◆ EXERCISE DETAILS
Below are the records; locate each line with the word "Bedroom" and copy it.
= = = = =
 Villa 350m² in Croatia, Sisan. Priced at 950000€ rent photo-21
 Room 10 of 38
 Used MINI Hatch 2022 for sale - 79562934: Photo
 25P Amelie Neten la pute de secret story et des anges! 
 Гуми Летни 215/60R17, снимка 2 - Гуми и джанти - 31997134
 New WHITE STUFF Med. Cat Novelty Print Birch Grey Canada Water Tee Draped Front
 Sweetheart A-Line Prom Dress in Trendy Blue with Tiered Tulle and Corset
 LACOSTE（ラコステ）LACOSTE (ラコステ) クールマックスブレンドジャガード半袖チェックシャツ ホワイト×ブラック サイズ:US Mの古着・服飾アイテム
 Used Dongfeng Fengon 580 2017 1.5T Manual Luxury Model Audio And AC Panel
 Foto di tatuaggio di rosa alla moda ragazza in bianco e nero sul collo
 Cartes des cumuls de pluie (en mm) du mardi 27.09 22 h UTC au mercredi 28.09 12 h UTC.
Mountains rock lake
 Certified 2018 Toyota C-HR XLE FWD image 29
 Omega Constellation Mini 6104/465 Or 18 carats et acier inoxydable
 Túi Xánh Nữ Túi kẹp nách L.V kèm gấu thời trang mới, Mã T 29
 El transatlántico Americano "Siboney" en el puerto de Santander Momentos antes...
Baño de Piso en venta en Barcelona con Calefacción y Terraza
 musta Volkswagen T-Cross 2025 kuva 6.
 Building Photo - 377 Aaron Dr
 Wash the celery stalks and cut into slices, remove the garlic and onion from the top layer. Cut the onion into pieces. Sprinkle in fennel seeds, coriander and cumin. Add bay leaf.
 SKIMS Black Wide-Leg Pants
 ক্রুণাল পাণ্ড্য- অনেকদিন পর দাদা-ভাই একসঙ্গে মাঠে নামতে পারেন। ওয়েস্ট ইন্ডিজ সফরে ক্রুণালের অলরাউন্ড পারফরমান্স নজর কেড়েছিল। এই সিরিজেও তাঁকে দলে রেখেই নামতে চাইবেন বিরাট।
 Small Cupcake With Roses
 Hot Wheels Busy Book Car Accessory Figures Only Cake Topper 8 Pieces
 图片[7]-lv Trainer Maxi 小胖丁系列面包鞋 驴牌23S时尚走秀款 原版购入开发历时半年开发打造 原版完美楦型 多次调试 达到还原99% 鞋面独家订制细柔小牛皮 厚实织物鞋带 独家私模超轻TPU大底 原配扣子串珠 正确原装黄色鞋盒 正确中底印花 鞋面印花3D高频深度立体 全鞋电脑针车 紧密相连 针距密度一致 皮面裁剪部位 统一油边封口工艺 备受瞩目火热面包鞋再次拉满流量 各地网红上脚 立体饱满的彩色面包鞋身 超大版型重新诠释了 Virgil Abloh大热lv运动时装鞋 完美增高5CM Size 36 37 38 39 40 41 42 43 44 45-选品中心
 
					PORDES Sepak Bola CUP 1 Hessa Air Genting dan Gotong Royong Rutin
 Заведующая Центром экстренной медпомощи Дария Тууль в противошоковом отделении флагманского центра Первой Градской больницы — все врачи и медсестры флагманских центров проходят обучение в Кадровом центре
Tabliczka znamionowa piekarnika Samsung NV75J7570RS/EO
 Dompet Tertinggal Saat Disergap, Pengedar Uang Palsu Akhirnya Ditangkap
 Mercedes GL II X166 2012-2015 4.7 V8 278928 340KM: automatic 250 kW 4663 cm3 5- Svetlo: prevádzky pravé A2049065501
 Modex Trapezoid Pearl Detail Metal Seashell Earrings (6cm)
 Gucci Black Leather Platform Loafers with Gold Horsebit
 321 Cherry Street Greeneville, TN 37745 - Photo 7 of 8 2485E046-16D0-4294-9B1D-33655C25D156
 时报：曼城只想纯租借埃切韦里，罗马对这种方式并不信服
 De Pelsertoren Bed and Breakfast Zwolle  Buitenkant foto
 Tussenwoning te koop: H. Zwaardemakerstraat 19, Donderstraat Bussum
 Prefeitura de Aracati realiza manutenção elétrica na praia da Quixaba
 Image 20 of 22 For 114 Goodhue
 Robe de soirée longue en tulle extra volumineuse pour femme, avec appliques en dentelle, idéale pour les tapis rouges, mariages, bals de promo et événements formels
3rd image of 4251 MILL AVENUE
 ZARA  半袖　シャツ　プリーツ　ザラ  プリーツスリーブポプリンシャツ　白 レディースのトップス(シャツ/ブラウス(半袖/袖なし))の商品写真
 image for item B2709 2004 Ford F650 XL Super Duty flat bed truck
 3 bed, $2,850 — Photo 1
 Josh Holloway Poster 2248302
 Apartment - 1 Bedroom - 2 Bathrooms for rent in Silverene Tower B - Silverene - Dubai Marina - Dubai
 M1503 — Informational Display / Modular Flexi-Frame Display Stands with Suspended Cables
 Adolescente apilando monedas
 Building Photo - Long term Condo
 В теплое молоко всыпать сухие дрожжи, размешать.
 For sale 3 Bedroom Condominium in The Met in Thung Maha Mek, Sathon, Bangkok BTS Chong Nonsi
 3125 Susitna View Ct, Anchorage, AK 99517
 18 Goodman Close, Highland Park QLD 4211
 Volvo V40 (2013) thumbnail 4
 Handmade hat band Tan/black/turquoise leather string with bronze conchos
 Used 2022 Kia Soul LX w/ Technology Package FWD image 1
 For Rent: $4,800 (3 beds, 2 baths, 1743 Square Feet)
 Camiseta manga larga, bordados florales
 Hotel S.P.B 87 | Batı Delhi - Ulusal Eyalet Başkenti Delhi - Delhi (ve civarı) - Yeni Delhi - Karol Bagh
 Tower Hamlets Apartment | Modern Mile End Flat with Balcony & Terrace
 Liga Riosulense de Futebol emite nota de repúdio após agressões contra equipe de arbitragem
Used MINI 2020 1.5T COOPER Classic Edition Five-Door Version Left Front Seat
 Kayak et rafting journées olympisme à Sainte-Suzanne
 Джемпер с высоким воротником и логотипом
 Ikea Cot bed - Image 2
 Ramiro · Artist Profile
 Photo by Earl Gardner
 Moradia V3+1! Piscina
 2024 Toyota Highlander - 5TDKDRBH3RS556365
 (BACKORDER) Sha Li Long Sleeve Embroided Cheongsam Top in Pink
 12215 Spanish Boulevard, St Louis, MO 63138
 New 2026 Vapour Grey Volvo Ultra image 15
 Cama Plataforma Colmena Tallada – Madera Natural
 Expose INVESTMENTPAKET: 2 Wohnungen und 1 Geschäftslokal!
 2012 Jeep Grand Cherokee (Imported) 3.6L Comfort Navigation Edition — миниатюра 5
= = = = =
◆ RESPONSE TO THE EXERCISE
 Apartment - 1 Bedroom - 2 Bathrooms for rent in Silverene Tower B - Silverene - Dubai Marina - Dubai
 For sale 3 Bedroom Condominium in The Met in Thung Maha Mek, Sathon, Bangkok BTS Chong Nonsi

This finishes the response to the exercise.